Судьба его и ему подобных, с небольшими вариациями, сводилась к следующему. Прямо из дому его привезли в тюрьму и там поставили в камеру. Не "посадили", а именно — "поставили", ибо в небольшой камере, куда его привезли, стояли, тесно прижавшись друг к другу, больше ста людей, без возможности не только передвинуться, но даже повернуться на месте. В этом положении он провел больше суток. Затем его вызвали к следователю и последний предложил ему подписать бумагу, согласно которой он сознавался в том, что умышленно задерживал исполнение некоторых предписаний из центра, в целях содействия срыву пятилетнего плана. Разумеется, арестант отказался подписать эту нелепицу, ибо ничего подобного он не делал и по своему служебному положению даже не мог делать. Тогда его возвратили назад в камеру и снова втиснули в это живое месиво, где он простоял еще двое суток в удушающей атмосфере человеческих испарений, стонов и обмороков. Затем его вызвали снова и следователь вторично предложил ему подписать ту же бумагу, причем дружеским тоном намекнул, что "чистосердечное признание" повлечет за собой не более пяти лет ссылки, а дальнейшее запирательство может быть чревато "большими неприятностями". Он опять отказался подписать бумагу. Его снова вернули в камеру. На восьмой день "стояния", он понял, что борьба неравна. Он понял, что подписав бумагу и попав в трудовой лагерь, он может еще надеяться на какое-то чудо, благодаря которому он останется в живых. В этой же камере никаких чудес не бывает. Здесь он может рассчитывать только на смерть от разрыва сердца (подобные случаи он наблюдал за эти восемь дней) и весь вопрос сводится Лишь к тому, сколько еще дней и ночей он сможет выдержать в этом апокалипсическом ужасе.

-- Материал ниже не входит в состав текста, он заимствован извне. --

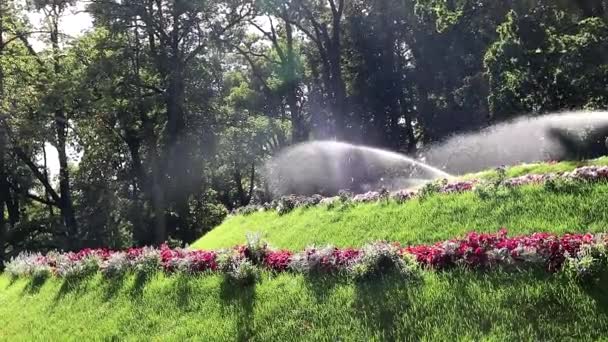 V parku zalévává květiny a trávníky. Zalévání rostlin. V letním horkém počasí zalévat květiny - Záběry, video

Придя к этому убеждению, он на восьмой день подписал бумагу. Следователь дружелюбно похлопал его по плечу и наставительно сказал, что "советская власть строга, но справедлива" и, что его "чистосердечное признание будет ему зачтено в дальнейшем". Через несколько дней он уже дробил камни на одной из уральских каменоломен.
Осенью 1941 года, ввиду сокращения стройки, вызванного войной, этот уральский рабочий лагерь был раскассирован и из него был выделен один из тех "штрафных батальонов", которые появились на фронте зимой первого года войны и обычно бросались советским командованием в самые гиблые места. Удивительно ли то, что и этот харьковчанин и другие, ему подобные, при первом же соприкосновении с противником, не только сразу же сдались в плен, но и высказали искреннее желание принять участие в войне против "строгой, но справедливой советской власти". Позже ему удалось осуществить это желание.

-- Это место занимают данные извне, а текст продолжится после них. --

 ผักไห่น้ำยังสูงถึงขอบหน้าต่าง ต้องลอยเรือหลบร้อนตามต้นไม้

Я не знаю дальнейшей судьбы этого харьковчанина, но знаю, что некоторые из этих "штрафников", дравшихся на стороне германской армии, а позже сдавшиеся в плен англо-американцам, были последними выданы, на основании, ялтинского соглашения, советским властям, как "изменники родины и дезертиры". Многие из них, при выдаче, покончили самоубийством. Это в то время, когда немцы, бежавшие из нацистских концлагерей и принявшие участие в войне на стороне союзников, расценивались как герои. Трудно будет объяснить грядущим поколениям, какая разница была между гитлеровскими и сталинскими концлагерями и почему одни пленники, вырвавшиеся на свободу, оказывались героями, а другие — изменниками. Судьба часто иллюстрирует жизнь своих двуногих подданных отвратительными гримасами. Однако, трудно себе вообразить гримасу более жуткую.
Приведенная мною история этого харьковчанина, подтвердилась позднее десятками аналогичных примеров, приведенных устно и печатно десятками других "штрафников", которым война позволила оказаться по другую сторону советского рубежа. И это позволяет говорить об этом не как об отдельном случае, а как о широко применяемой системе. Системе неслыханного издевательского насилия, построенной на всеобщем, явном и равном бесправии советских граждан.
Когда узнаешь все это, тогда становится ясным почему советский гражданин, даже вне досягаемости советской власти, все еще продолжает разговаривать с оглядкой, понижая голос до шепота. Становятся понятными рассказы советских граждан о том, как ночью при звуке автомобильного мотора машины, остановившейся перед домом, весь дом замирал в ужасе и все мужские обитатели его, начинали быстро готовить узелки с необходимыми для тюрьмы вещами и как в квартире раздавался общий вздох облегчения, от шума топочущих сапог, миновавших этот этаж. Многое начинаешь понимать и по новому начинаешь ненавидеть отвратительную машину насилия, именуемую советской властью, держащую огромную страну под ни на минуту не ослабевающим, гигантским прессом страха.